Let's try this with an experiment. Let's say we want to find the first four
digits of Pi (3141) within Pi. For the first 100,000 digits of Pi, we find the
substring "3141" at these index locations (skipping the first match):

    
    
        3497
       26613
       42126
       45903
       53277
       68919
       88009
       91355
    

For the substring "31415", one more digit in length, within the first 100,000
digits of Pi we find only one example, at index 88009. This makes sense, since
the binomial theorem provides a probability of 0.632 for one or more successes
within 100,000 normal digits and a substring length of 5.

Binomial theorem calculator:
[http://arachnoid.com/binomial_probability](http://arachnoid.com/binomial_probability)

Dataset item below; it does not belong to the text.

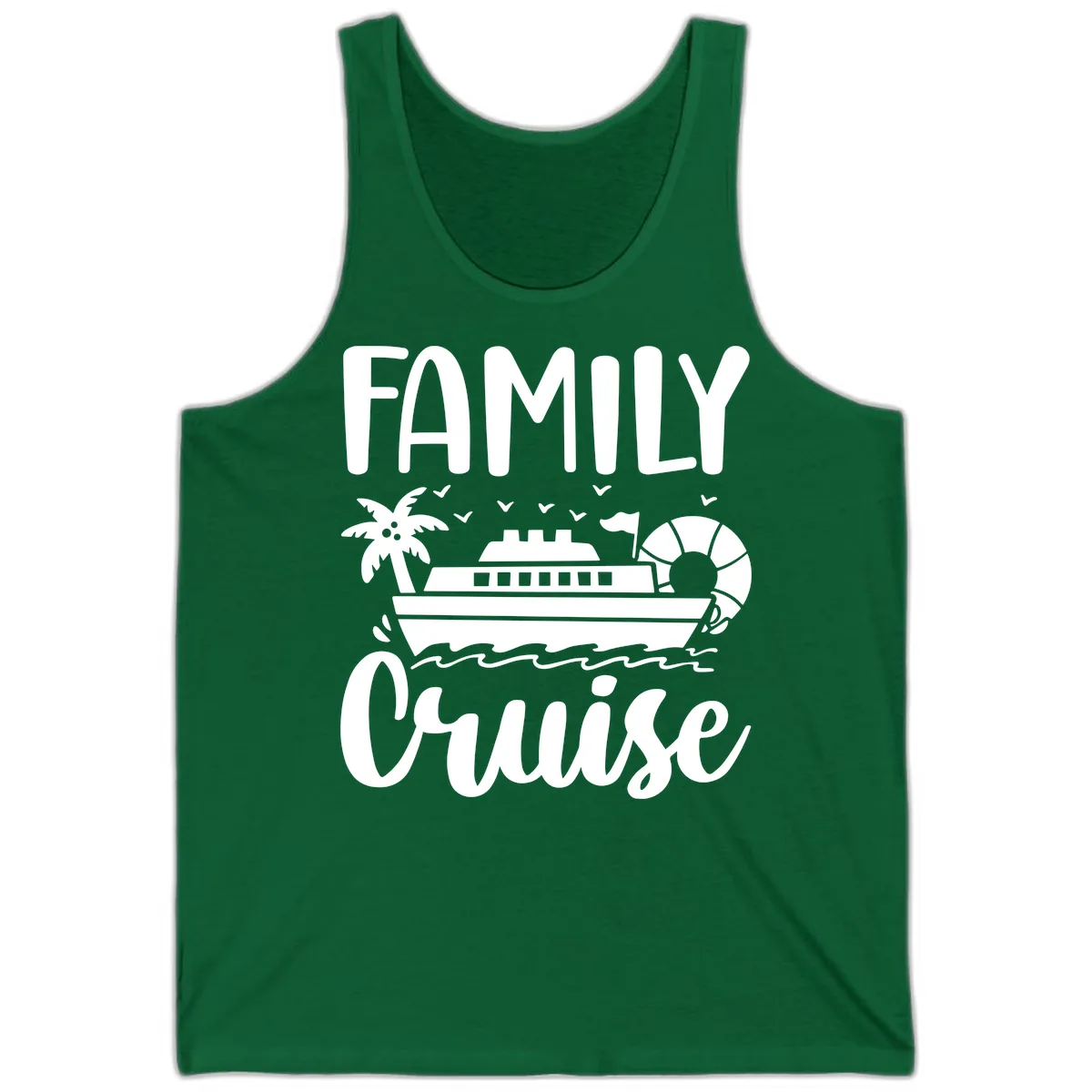 Family Cruise Vacation Tank in Kelly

Based on this example, with an arbitrarily large set of Pi's digits, it's
reasonable to say that any reasonable digit sequence can be found within it.
And for Pi's infinite sequence, any subset of Pi -- or any other numerical
sequence of any length -- can be located within it.

One more example. For the substring "33333", within the first 100,000 digits
of Pi we find occurrences at indices 28468 and 89086. I include this to
suggest that any digit sequence, for that matter any sorts of numbers, for
example representing letters, can be found. The old saw about finding the
works of Shakespeare within Pi is obviously true, if difficult.